### EXERCISE AIM
Nothing is to be altered; the data must be repeated exactly.

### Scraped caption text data
= = = = = = =

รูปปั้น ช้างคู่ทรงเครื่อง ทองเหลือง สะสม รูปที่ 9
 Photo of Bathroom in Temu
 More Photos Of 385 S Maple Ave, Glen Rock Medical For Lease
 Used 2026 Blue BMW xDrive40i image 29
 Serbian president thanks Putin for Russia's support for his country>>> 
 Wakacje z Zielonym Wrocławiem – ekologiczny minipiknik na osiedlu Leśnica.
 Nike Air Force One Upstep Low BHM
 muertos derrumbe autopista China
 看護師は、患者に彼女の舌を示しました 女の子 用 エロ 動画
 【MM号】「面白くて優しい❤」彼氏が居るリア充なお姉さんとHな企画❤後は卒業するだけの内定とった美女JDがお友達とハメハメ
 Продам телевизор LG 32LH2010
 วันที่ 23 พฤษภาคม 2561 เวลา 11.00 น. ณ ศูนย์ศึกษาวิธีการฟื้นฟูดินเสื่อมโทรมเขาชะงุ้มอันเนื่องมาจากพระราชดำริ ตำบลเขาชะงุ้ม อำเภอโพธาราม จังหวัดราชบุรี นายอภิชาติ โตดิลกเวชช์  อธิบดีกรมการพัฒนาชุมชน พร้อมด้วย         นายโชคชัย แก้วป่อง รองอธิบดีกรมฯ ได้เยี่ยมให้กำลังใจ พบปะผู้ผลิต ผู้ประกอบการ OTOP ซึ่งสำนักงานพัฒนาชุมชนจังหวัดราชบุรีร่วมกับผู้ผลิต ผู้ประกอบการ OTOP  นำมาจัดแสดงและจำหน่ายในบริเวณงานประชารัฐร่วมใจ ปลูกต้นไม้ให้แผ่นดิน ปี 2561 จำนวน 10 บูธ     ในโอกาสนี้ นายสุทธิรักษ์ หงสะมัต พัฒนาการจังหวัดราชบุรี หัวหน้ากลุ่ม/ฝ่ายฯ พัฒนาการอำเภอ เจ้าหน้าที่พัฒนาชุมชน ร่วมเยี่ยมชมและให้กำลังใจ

= = = = = = =

### OUTPUT FOR THIS EXERCISE
รูปปั้น ช้างคู่ทรงเครื่อง ทองเหลือง สะสม รูปที่ 9
 Photo of Bathroom in Temu
 More Photos Of 385 S Maple Ave, Glen Rock Medical For Lease
 Used 2026 Blue BMW xDrive40i image 29
 Serbian president thanks Putin for Russia's support for his country>>> 
 Wakacje z Zielonym Wrocławiem – ekologiczny minipiknik na osiedlu Leśnica.
 Nike Air Force One Upstep Low BHM
 muertos derrumbe autopista China
 看護師は、患者に彼女の舌を示しました 女の子 用 エロ 動画
 【MM号】「面白くて優しい❤」彼氏が居るリア充なお姉さんとHな企画❤後は卒業するだけの内定とった美女JDがお友達とハメハメ
 Продам телевизор LG 32LH2010
 วันที่ 23 พฤษภาคม 2561 เวลา 11.00 น. ณ ศูนย์ศึกษาวิธีการฟื้นฟูดินเสื่อมโทรมเขาชะงุ้มอันเนื่องมาจากพระราชดำริ ตำบลเขาชะงุ้ม อำเภอโพธาราม จังหวัดราชบุรี นายอภิชาติ โตดิลกเวชช์  อธิบดีกรมการพัฒนาชุมชน พร้อมด้วย         นายโชคชัย แก้วป่อง รองอธิบดีกรมฯ ได้เยี่ยมให้กำลังใจ พบปะผู้ผลิต ผู้ประกอบการ OTOP ซึ่งสำนักงานพัฒนาชุมชนจังหวัดราชบุรีร่วมกับผู้ผลิต ผู้ประกอบการ OTOP  นำมาจัดแสดงและจำหน่ายในบริเวณงานประชารัฐร่วมใจ ปลูกต้นไม้ให้แผ่นดิน ปี 2561 จำนวน 10 บูธ     ในโอกาสนี้ นายสุทธิรักษ์ หงสะมัต พัฒนาการจังหวัดราชบุรี หัวหน้ากลุ่ม/ฝ่ายฯ พัฒนาการอำเภอ เจ้าหน้าที่พัฒนาชุมชน ร่วมเยี่ยมชมและให้กำลังใจ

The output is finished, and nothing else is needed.